Artificial intelligence in chronic kidney disease management: a scoping review.

Journal: Theranostics
PMID:

Abstract

Chronic kidney disease (CKD) is a major public health problem worldwide associated with cardiovascular disease, renal failure, and mortality. To effectively address this growing burden, innovative solutions to management are urgently required.
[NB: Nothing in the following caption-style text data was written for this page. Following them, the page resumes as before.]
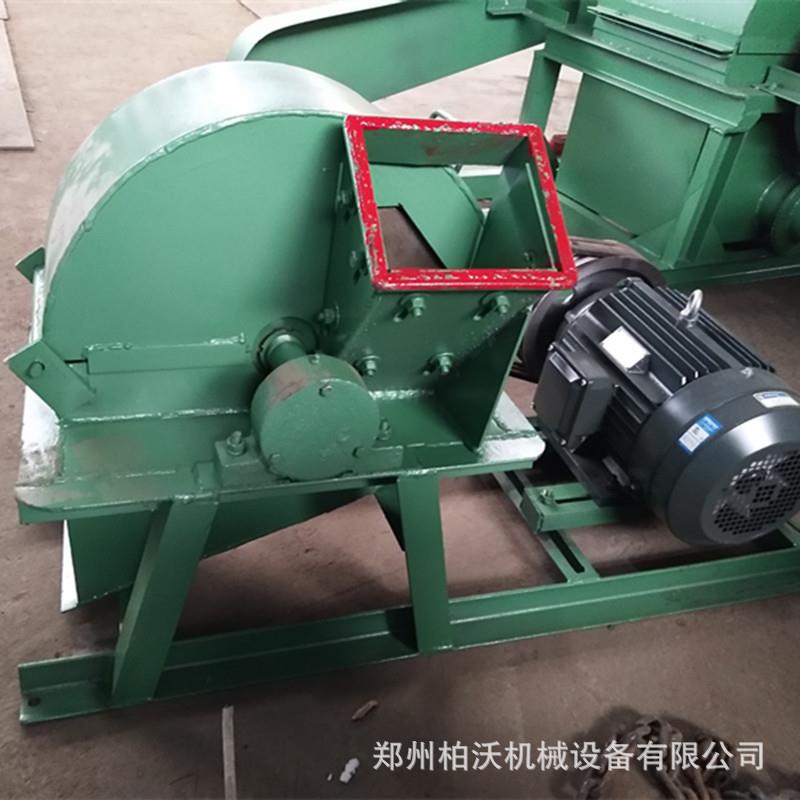 专业生产木材粉碎机 多功能树枝破碎机设备 小型移动式树枝粉碎机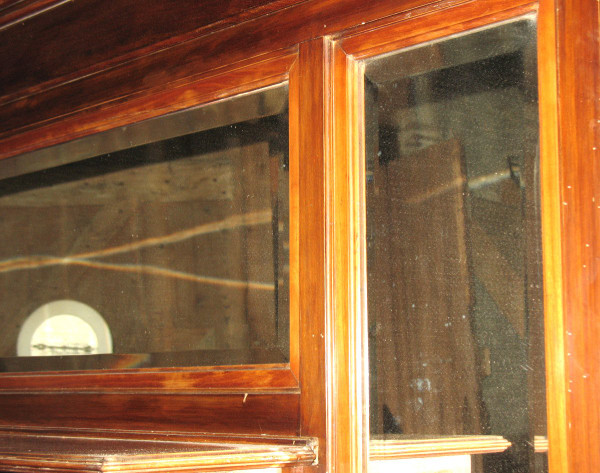 Buffet de présentation époque Art Nouveau en bois fruitier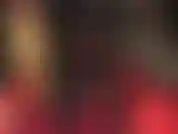 Adoro roupas de látex, bunda e pernas em borracha preta justa e botas quentes.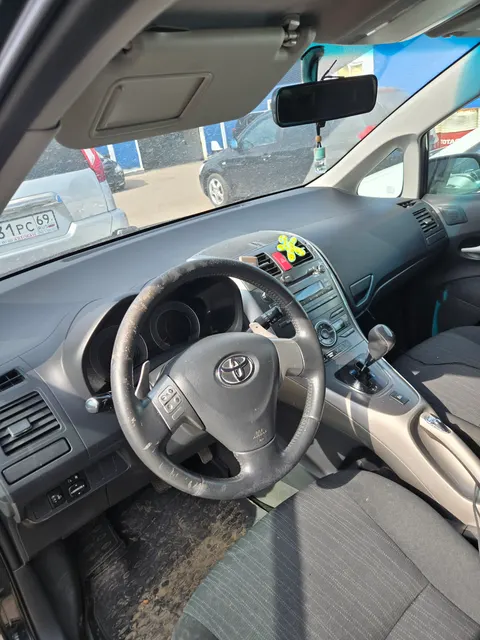 Автомобиль Toyota Auris, 2008 г.в., VIN SB1KV56E40F082570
We conducted a scoping review to identify key use cases in which artificial intelligence (AI) could be leveraged for improving management of CKD. Additionally, we examined the challenges faced by AI in CKD management, proposed potential solutions to overcome these barriers. We reviewed 41 articles published between 2014-2024 which examined various AI techniques including machine learning (ML) and deep learning (DL), unsupervised clustering, digital twin, natural language processing (NLP) and large language models (LLMs) in CKD management. We focused on four areas: early detection, risk stratification and prediction, treatment recommendations and patient care and communication. We identified 41 articles published between 2014-2024 that assessed image-based DL models for early detection (n = 6), ML models for risk stratification and prediction (n = 14) and treatment recommendations (n = 4), and NLP and LLMs for patient care and communication (n = 17). Key challenges in integrating AI models into healthcare include technical issues such as data quality and access, model accuracy, and interpretability, alongside adoption barriers like workflow integration, user training, and regulatory approval. There is tremendous potential of integrating AI into clinical care of CKD patients to enable early detection, prediction, and improved patient outcomes. Collaboration among healthcare providers, researchers, regulators, and industries is crucial to developing robust protocols that ensure compliance with legal standards, while minimizing risks and maintaining patient safety.

Authors

  • Charumathi Sabanayagam
    Singapore National Eye Centre, Singapore Eye Research Institute, Singapore, Singapore.
  • Riswana Banu
    Singapore Eye Research Institute, Singapore National Eye Centre, Singapore.
  • Cynthia Lim
    Singapore General Hospital, Singapore.
  • Yih Chung Tham
    Department of Ophthalmology, Yong Loo Lin School of Medicine, National University of Singapore, Singapore, Singapore. thamyc@nus.edu.sg.
  • Ching-Yu Cheng
    Singapore National Eye Centre, Singapore Eye Research Institute, Singapore, Singapore.
  • Gavin Tan
    Singapore Eye Research Institute, Singapore National Eye Center, Singapore, Singapore.
  • Elif Ekinci
    Department of Medicine, Melbourne Medical School, The University of Melbourne, Australia and Department of Endocrinology, Austin Health, Melbourne, Australia.
  • Bin Sheng
    MOE Key Laboratory of AI, School of Electronic, Information, and Electrical Engineering, Shanghai Jiao Tong University, Shanghai, China.
  • Gareth McKay
    Centre for Public Health, Queen's University Belfast, Northern Ireland, United Kingdom.
  • Jonathan E Shaw
    Department of Medicine, The University of Melbourne (Austin Health), Melbourne, Victoria, Australia.
  • Kunihiro Matsushita
    Department of Epidemiology, Johns Hopkins Bloomberg School of Public Health, Baltimore, Maryland, USA.
  • Navdeep Tangri
    Department of Internal Medicine, University of Manitoba, Winnipeg, MB, Canada.
  • Jason Choo
    Department of Renal Medicine, Singapore General Hospital, Singapore.
  • Tien Y Wong
    Singapore National Eye Center, Duke-NUS Medical School, National University of Singapore, Singapore, Singapore.